By By Buddy Bynum/ editor
February 24, 2002
U.S. Rep. Ronnie Shows paints an interesting picture of himself as a victim of an unfair, partisan, political process, much like the grueling confirmation process under way for U.S. District Court Judge Charles Pickering.
Shows is an incumbent congressman likely to run against Pickering's son, U.S. Rep. Chip Pickering, in a redrawn central Mississippi congressional district this fall. The state and national political stakes are high and this single election may play a key role in deciding which party controls the U.S. House of Representatives come January 2003.
Shows told us the other day that what Judge Pickering is going through as the Senate decides whether to confirm his nomination to a seat on the Fifth U.S. Circuit Court of Appeals is similar to what Shows is going through with redistricting. It's all politics, he said, even reaching into the upper levels of the U.S. Department of Justice.
Judge Pickering's nomination by President Bush is aggressively opposed by a coalition of civil rights groups, which have succeeded in confusing his record, forcing two hearings and delaying a vote in the Senate Judiciary Committee. The nomination is just as steadfastly supported by U.S. Sens. Trent Lott and Thad Cochran and a broad, bi-racial coalition of outstanding Mississippians who know the judge and his work. They were joined last week by our own Sonny Montgomery, who wrote a ringing endorsement letter to the Senate committee.
Shows likes a redistricting plan drawn up by a single Hinds County chancery court judge. It gives the district from which he would run a higher percentage of black voting age population than would a district carved out by a three-judge federal panel. Besides, he said, two of the three federal judges were appointed by Republican presidents.
If you believe the federal judges' role in Mississippi's redistricting was politically motivated, then the concept of impartiality in the federal judiciary is out the window. If you believe the Justice Department, which Shows accused of deliberately delaying a decision on the state court plan, is little more than a political tool of the president's administration, then why not agitate for removing the "preclearance" provision of the federal Civil Rights Act?
This provision forces Mississippi and a handful of other Southern states to get Justice Department approval before they can change any element of the political process, right down to moving a polling place. It is punishment for past transgressions. Shows said he was not prepared to address whether he would favor its removal.
And yet, he sees redistricting as a "state's rights issue." The state court plan should be approved, he said, because a duly-elected state court judge drew it up.

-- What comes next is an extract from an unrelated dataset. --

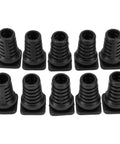 Front view of 10 black No Fuss 10 Pack Rubber Cable Gland Connectors With Strain Relief Sleeves For Power Tools And Drills.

If you follow that logic, then a federal court should never have been involved in the Ayers desegregation case, recently settled at a cost of at least $500 million, because education should be a state's rights issue, too. But that's another story.
Shows is a former coach and farmer and a longtime elected official with a down-home, personable approach to running for office. Look for him to portray himself as a "man of the people" running against the rich Republican interests he claims are represented by Rep. Pickering. And, don't look for him to endorse Judge Pickering's nomination.
It's all politics in a state where raw political power is wielded like a sharp knife through a watermelon.